**TASK PROMPT:** Every line below from the one with "Mean solar day" through the one with "Daftar & Lembar Pengesahan Form She | PDF" should be retyped exactly, both ends included; no other lines and no pictures.

**SOURCE MATERIAL:**
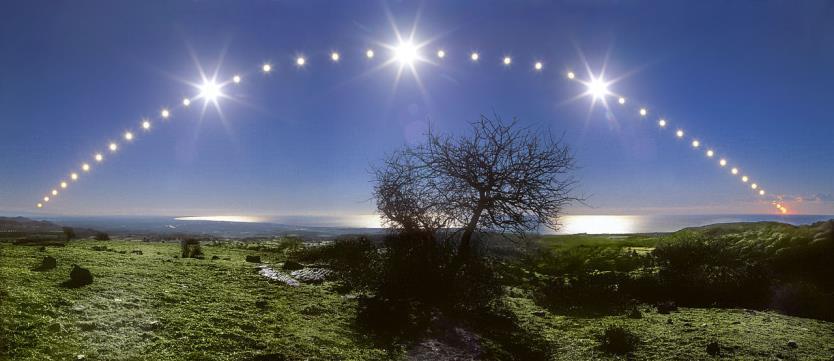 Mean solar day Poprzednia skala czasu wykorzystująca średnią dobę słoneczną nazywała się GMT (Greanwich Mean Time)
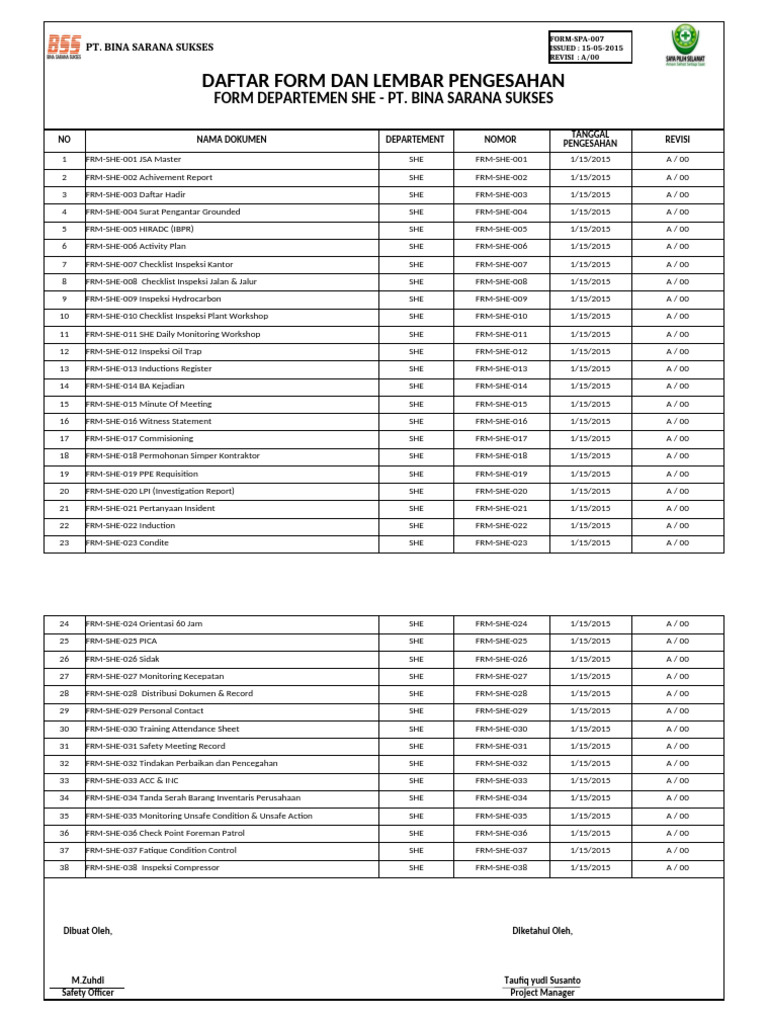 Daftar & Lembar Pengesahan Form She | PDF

...

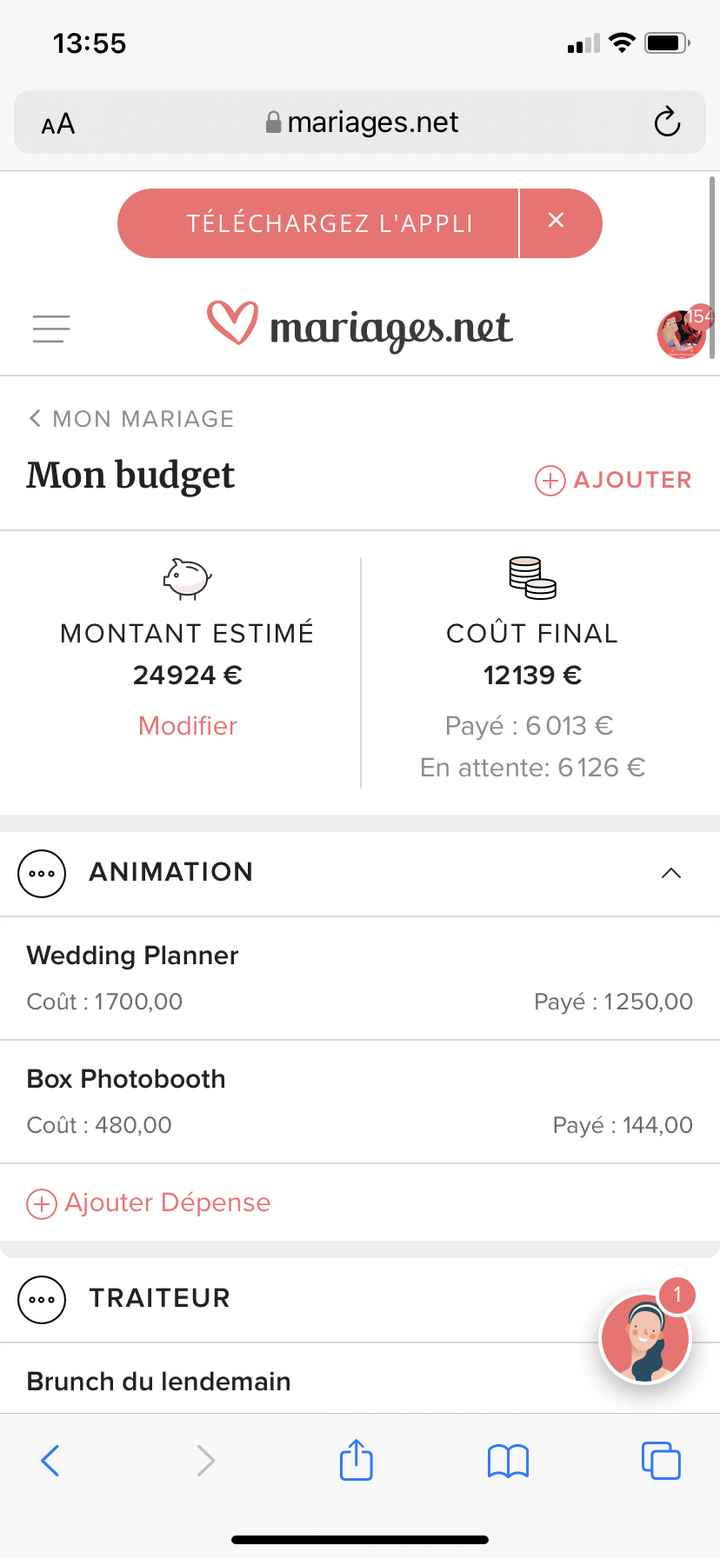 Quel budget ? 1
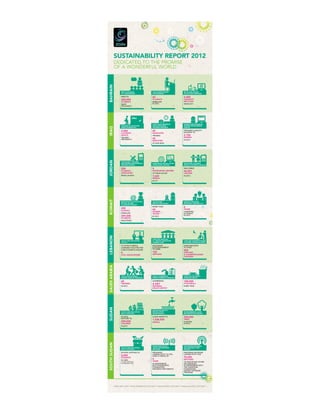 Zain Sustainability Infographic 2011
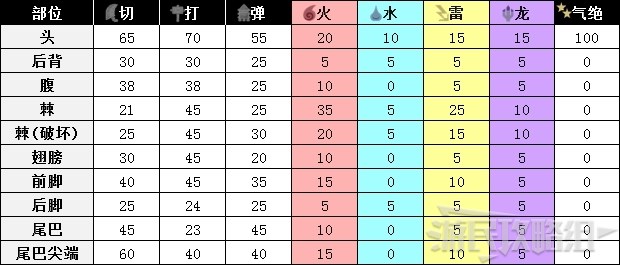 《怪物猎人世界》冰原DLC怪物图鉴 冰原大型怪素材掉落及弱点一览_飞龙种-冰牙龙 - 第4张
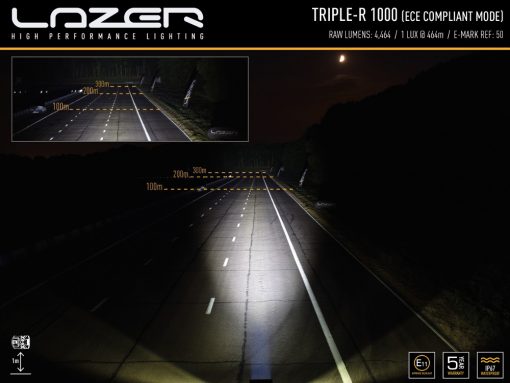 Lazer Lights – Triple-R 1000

**EXERCISE RESULT:**
 Mean solar day Poprzednia skala czasu wykorzystująca średnią dobę słoneczną nazywała się GMT (Greanwich Mean Time)
 Daftar & Lembar Pengesahan Form She | PDF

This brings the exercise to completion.